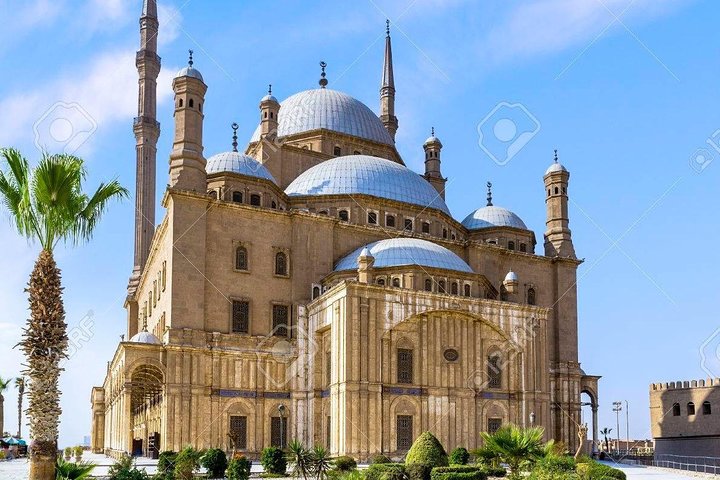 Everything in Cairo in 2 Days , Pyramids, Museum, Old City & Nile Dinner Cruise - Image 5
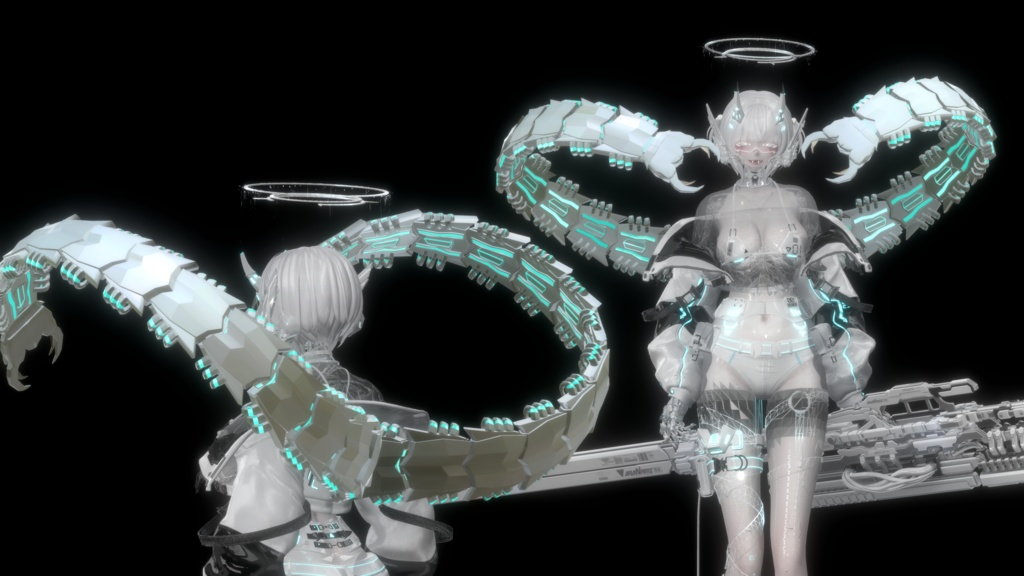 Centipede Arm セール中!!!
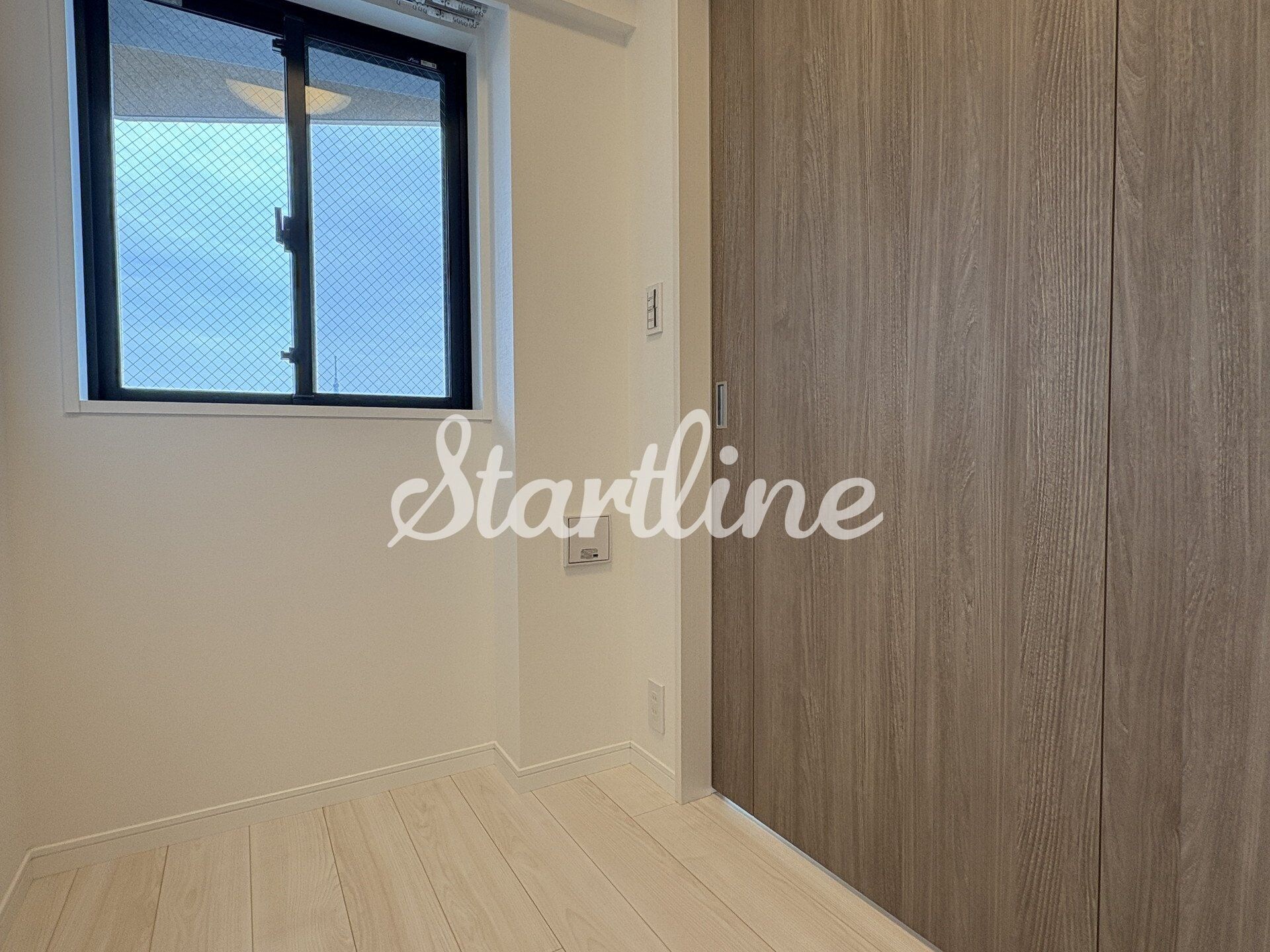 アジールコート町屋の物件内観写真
+++
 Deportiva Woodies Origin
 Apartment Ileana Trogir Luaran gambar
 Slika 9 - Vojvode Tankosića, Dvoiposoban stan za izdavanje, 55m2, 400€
+++
▶ _Aim of the exercise_:
Within the material above, copy exactly the lines from the line that holds "Deportiva Woodies Origin" up to and including the line that holds "Slika 9 - Vojvode".

▶ _Reply_:
 Deportiva Woodies Origin
 Apartment Ileana Trogir Luaran gambar
 Slika 9 - Vojvode Tankosića, Dvoiposoban stan za izdavanje, 55m2, 400€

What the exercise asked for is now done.